A.H.

Principles of Idea-Finding

  1. Do something which you have an unfair advantage in.
  2. Do something which allows you to seek feedback cycles rapidly.
  3. Do something that is self-reinforcing, which has “its own life”, or “momentum”.

Discussion

Principle 1 is half cosmetic and half substantive. The cosmetic half is that in today’s highly institutionalized startup ecosystem, it is no longer possible to raise venture capital without a compelling narrative for “founder market fit”. Of course, the personal narrative is only secondarily related to the founder’s “true” capacity to execute in a given area, and primarily necessary in order to appeal to meretricious investors. (Though, to the investors’ defense, it is also one of the few signals that s/he can actually index on at the time of investing, and accordingly one of the few signals that the entrepreneur can actually give.) The substantive half is that, because a company can only survive as long as it is capitalized, and because of the self-reinforcing nature of human organization, the founder’s ability to “craft a narrative” to investors and prospective employees is directly related to the success and longevity of the company.

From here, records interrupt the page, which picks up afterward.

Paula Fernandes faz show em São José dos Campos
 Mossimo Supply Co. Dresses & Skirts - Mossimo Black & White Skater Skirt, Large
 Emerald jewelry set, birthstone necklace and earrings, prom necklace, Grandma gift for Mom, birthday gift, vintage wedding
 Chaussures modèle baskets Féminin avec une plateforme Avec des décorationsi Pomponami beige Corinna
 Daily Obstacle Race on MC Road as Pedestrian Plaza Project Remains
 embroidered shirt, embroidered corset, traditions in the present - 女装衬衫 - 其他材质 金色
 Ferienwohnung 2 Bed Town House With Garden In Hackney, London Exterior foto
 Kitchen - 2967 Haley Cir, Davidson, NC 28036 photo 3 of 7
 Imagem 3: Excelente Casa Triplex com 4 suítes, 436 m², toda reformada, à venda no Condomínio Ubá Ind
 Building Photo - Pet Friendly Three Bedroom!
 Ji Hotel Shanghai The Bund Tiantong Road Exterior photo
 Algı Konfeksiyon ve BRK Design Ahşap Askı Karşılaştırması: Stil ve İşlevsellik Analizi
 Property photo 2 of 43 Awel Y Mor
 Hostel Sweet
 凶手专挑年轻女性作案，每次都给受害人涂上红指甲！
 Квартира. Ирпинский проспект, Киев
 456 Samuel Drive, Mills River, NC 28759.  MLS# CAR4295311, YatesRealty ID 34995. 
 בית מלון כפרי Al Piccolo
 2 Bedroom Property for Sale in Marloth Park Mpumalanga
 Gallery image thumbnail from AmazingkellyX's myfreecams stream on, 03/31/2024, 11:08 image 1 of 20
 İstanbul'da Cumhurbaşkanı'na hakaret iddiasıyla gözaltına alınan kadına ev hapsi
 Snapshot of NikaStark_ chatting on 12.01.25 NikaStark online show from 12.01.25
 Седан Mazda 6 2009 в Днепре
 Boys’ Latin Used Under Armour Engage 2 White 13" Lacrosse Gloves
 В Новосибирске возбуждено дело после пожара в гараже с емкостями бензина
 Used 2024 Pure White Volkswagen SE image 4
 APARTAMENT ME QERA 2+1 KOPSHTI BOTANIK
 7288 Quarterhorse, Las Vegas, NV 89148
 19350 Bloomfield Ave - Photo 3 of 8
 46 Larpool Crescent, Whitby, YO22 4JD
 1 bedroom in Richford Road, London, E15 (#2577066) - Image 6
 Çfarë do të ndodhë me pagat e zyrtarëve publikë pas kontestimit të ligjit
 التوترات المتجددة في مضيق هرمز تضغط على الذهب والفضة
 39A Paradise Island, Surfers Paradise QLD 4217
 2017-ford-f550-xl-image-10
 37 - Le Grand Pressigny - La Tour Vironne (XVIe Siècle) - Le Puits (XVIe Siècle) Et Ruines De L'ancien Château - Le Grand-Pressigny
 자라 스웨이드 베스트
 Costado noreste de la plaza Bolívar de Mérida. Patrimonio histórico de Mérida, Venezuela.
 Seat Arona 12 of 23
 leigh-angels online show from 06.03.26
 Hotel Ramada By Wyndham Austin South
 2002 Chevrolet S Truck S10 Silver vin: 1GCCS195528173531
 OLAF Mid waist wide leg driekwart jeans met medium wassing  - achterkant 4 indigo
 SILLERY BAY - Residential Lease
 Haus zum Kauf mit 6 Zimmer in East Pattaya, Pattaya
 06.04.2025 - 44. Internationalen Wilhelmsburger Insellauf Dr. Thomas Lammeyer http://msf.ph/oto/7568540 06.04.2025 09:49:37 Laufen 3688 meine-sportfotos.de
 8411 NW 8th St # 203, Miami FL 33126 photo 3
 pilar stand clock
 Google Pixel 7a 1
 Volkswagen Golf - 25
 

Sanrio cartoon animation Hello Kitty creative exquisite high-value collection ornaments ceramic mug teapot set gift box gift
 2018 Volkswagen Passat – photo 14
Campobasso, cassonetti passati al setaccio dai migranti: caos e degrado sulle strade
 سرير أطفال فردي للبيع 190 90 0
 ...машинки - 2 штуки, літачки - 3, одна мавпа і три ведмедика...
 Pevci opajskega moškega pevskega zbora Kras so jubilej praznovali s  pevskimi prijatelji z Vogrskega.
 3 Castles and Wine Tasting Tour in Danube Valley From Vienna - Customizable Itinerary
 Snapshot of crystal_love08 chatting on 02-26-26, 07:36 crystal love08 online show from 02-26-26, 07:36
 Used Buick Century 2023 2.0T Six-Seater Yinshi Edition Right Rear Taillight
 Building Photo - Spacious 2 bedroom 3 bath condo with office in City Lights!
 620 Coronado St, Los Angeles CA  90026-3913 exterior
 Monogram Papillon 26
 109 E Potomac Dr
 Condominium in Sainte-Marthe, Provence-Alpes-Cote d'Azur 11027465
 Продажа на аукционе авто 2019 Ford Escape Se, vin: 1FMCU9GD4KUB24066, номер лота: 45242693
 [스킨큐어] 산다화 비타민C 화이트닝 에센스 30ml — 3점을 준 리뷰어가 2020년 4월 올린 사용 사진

Principle 2 is primarily about the rate at which a founder can self-correct toward a goal. The control problem for a self-driving car is an apt analogy. The sensors must sample the environment often in order to calibrate its internal representation (mental models) of the world with reality. Otherwise, the two may likely diverge, and the car (founder) will likely crash (fail). One concrete example is being able to have sales conversations relatively quickly and rapidly. Another may be A/B testing features for a wide consumer audience.

Principle 3 is subtle and difficult to describe, for it is difficult to analytically describe what characterizes “life”. Suffice it to say that there are a category of things which get easier over time and a category of things which stay the same, or even get harder over time. It goes without saying that one should do the things that get easier over time. Network effects are quintessential examples of self-reinforcing mechanisms, wherein each new customer makes it easier to acquire the next one.

Life is fundamentally self-sustaining and emergent. Creating a company is like creating life – it cannot live by itself if it requires the constant care and attention of the founders. At some point, the role of the founder is to facilitate and guide, rather than to grow or push. The difference is subtle – one is about getting out of the way of a natural process, and the other is about exerting unnatural energy to inorganically sustain something.

The analogy of gardening is apt. The gardener must initially exert unnatural energy to plant and tend to a sapling early on in its life, but at some point, the sapling will grow into a tree and only require infrequent watering. So too will a company, in the beginning, require effort, and later (hopefully) be relatively effortless.

Principles 2 and 3 can be combined to form the corollary mandate: evolve quickly. Evolution involves: (a) a sufficient population of organisms (b) undergoing successive cycles of selection (c) that are perturbed in each cycle with fitness-enhancing or fitness-destroying mutations. Each cycle, the population that is most relevant to a particular goal is selected for and allowed to repopulate. So too must we learn to gently perturb and select for traits that help us move toward a goal.